算数や数学では、「以上」や「以下」は「その数字も含む」ということで定義されているのはよくご存じのことと思います。「5以上の数」「5以下の数」と言ったら、それぞれ、「5」を含みますよね。

一方、「含まない」ことを表すことばとしては、「未満」があります。「5以下の数」と言うと「5」も含みますが、「5未満の数」だと「5」は含みません。このように、「以下」と「未満」は、「その数を含むか含まないか」ということで、対応しています。例えば、「18歳以下は無料です」と書いてあったとしたら、「18歳」の人は無料です。ですが「18歳未満は無料です」だと、すでに18歳になっている人、つまり満18歳の人は無料ではありません。

「18歳」を…
「18歳以下」 含む
「18歳未満」 含まない

では、「以上」に対応することばについてはどうでしょうか。「以上」は「その数を含む」ですが、これに対して「含まない」ことを表すことばは、「二字漢語(漢字2字からなることば)」では存在しません。あえて正確に言おうとすると、「18歳を超えた」「18歳よりも上」とか、「18歳超(ちょう)」などといった言い方をしないとなりません。

「18歳」を…
「18歳以上」 含む
「18歳を超えた」など 含まない

「18歳以上は有料です」だと、「18歳」の人はお金を支払わなければなりません。一方、「18歳よりも上の学生は、有料です」となっていたとしたら、「18歳」の人は支払う必要はありませんね。

では次に、日常のことばとして、
「これ以上やったら、許さないぞ」
という言い方について考えてみましょう。

算数や数学では、「以上」というのは「(それを)含む」ということになっていましたよね。では、この言い方では「これ」が「含まれる」わけですから、現時点〔=「これ」〕ですでに「許さないぞ」の領域に入ってしまっていることになりはしないでしょうか。くどい言い方をすると、正式には、
「これを超える行為をやったら、許さないぞ」
と言わなければならない、ということになってしまいそうです。しかし、そんなことはありませんよね。

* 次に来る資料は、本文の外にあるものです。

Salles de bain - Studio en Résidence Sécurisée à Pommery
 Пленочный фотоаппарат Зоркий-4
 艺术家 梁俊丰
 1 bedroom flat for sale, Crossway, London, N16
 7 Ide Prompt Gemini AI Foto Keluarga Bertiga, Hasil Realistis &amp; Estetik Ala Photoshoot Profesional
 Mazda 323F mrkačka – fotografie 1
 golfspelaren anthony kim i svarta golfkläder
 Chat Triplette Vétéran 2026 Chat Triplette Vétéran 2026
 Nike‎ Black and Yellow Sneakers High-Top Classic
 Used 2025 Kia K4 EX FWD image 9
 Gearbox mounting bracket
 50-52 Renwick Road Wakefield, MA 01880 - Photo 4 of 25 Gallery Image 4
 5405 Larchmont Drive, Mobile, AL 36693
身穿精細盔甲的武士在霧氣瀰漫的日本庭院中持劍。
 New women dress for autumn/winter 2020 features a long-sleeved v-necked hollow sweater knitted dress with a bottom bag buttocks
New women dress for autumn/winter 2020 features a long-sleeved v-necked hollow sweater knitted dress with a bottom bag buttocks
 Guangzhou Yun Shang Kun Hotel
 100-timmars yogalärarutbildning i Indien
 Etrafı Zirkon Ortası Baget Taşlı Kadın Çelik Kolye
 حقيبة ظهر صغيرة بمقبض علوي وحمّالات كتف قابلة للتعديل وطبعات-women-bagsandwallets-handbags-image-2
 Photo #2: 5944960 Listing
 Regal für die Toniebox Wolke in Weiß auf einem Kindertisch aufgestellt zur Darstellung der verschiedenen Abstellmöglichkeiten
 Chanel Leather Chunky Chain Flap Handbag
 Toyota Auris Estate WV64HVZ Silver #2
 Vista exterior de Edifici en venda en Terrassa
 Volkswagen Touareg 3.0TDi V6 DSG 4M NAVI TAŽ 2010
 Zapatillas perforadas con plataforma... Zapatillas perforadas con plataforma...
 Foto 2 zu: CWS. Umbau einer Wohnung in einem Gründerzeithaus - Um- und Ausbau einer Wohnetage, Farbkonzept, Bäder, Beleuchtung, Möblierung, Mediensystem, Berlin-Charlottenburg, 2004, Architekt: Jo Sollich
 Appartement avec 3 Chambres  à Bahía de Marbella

実は、算数や数学では「『以上』や『以下』は、その数字・そのものを、『含む』」と定義していますが、日常のことばでは、そのような厳密な定義にしばられない使い方が多いのです。日常のことばでは、「以上」を「(を)超える」の意味で(も)使うことがきわめて普通です。

「これ」を…
「これ以上やったら」(日常のことば) 含まない

今回の「8日以降」も、この「以上」と通じるところがあります。厳密な言い方の場合には「8日」を「含む」のですが、日常のことばとしては「含まない」と考える人も決して少なくはないのです。

「『8日以降に』手続きをしてください」という例文でアンケートをおこなったところ、「手続きをしてよいのは『8日から』だ」〔=8日を「含む」〕という人が7割程度であったのに対して、「手続きをしてよいのは『9日から』だ」〔=8日を「含まない」〕という回答も2割程度ありました。また年代差があり、「含む」という回答は30代がもっとも多く、そして20代と70歳以上では少なくなっています。

場合によっては、「7日までは手続きができないので、8日以降に手続きをしてください」のように丁寧に言うようにすると、誤解を避けることができます。

このコーナーの担当者にはよく「原稿は8日以降に提出できそうです」と伝えて、早ければ8日に提出できるような期待を持たせる、というのはここだけの秘密の作戦なので、内緒にしておいてください。